上:中澤弘光ほか『日本名勝写生紀行』第3巻
  (中西屋書店、明治43年)
  見返し絵図:中澤弘光
下:「風俗画報」(東陽堂、明治35年)
  挿絵家:不明

 私が大切にしている蔵書に『日本名勝写生紀行』第二巻、第三巻(中西屋書店、明治40、43年)という古いガイドブックがある。明治38年から45年に作られた全五巻のうちの二巻である。黒田清輝門下で白馬会所属の新進画家たち岡野栄、中澤弘光、山本森之助、跡見泰、小林鐘吉の5人が、紀行文と140点に及ぶ挿絵で案内する。

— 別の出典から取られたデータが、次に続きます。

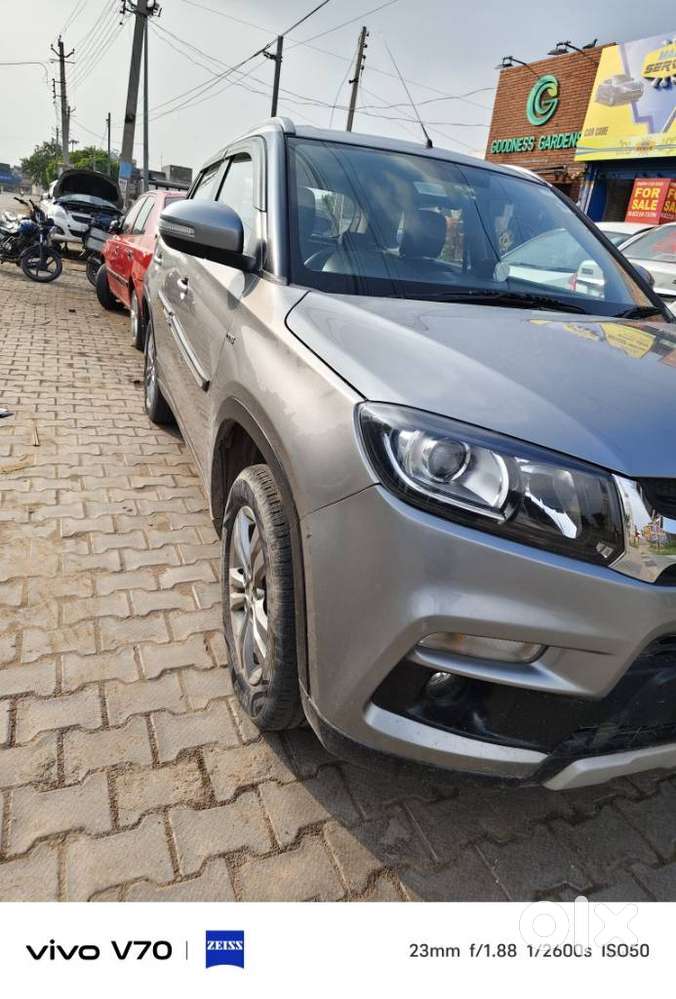 Maruti Suzuki Brezza Zdi Plus, 2017, Diesel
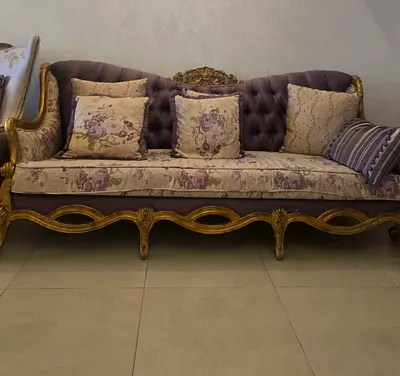 2 Elegant Classic Sofas for Sale
Excellent condition.
📍 Location: Sharjah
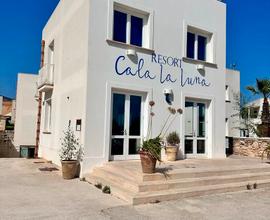 Multiproprietà - Luglio Favignana Cala La Luna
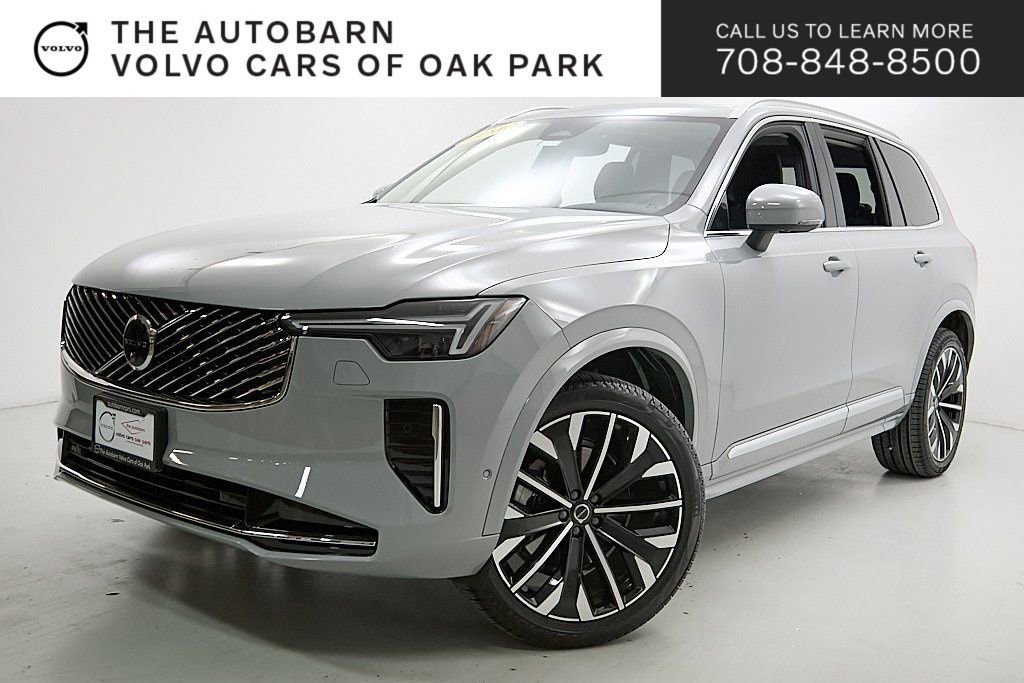 New 2026 Volvo XC90 B6 Plus w/ Protection Package Premier image 1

第二巻の巻頭口絵には、個性的な5人の似顔絵が岡野栄の筆によって描かれている。挿絵のうち44点は、夏目漱石『心』の木版を彫った名彫師・伊上凡骨の手になる一頁大の手摺多色刷木版画であり、これらの彩色木版画の挿絵だけでも他には類を見ないほどの豪華さである。第三巻見返しの彩色木版画・京都案内図もまさに圧巻といえる。たかが書物のために5人の画家達に全国写生旅行をさせ、たくさんの絵を描かせるなど、制作費に糸目をつけない太っ腹な企画を断行したのは、当時中西屋の支配人をしていた伊村金之助である。装釘を担当した岡上儀正は、明治6年に印刷局に御雇教師として洋式製本を伝えたパターソンの直弟子の1人であり、伊村はキャスティングにも鋭い眼を持っていたようだ。
 『日本名勝写生紀行』定価4円50銭は、同じ頃に発行された豪華な本として知られる夏目漱石『虞美人草』1円50銭や、明治39年の巡査の初任給12円(『値段の風俗史』朝日新聞社)に比べてもかなり高価で、旅費よりも高かったのではないかと思われる。こんなに豪華なガイドブックを携帯して出かける人とは一体どんな人達だったのか? 当時の旅は、一世一代のイベントだったに違いない。などと思いを巡らしていたら、折しも「風俗画報」(東陽堂、明治35年)に、「旅行」という題の挿絵を見つけた。この旅人がガイドブックを持っていたかどうかは分からないが、旅は裕福な人たちの娯楽だったようだ。この絵を見るかぎり、明治になって自由に旅行が出来るようになったとはいえ、交通の便も宿泊所も治安も悪かっただろうし、懐具合は言うまでもなく体力も必要で、私の海外旅行出発よりもはるかに大変な思いで出かけたのではないだろうか、と他人事ながら溜息が出た。
 遠くに旅するのが億劫な私にとって、『日本名勝写生紀行』は、机上にありながら時空を超えた明治の観光地にまで、画家達が案内してくれる最高のガイドブックなのである。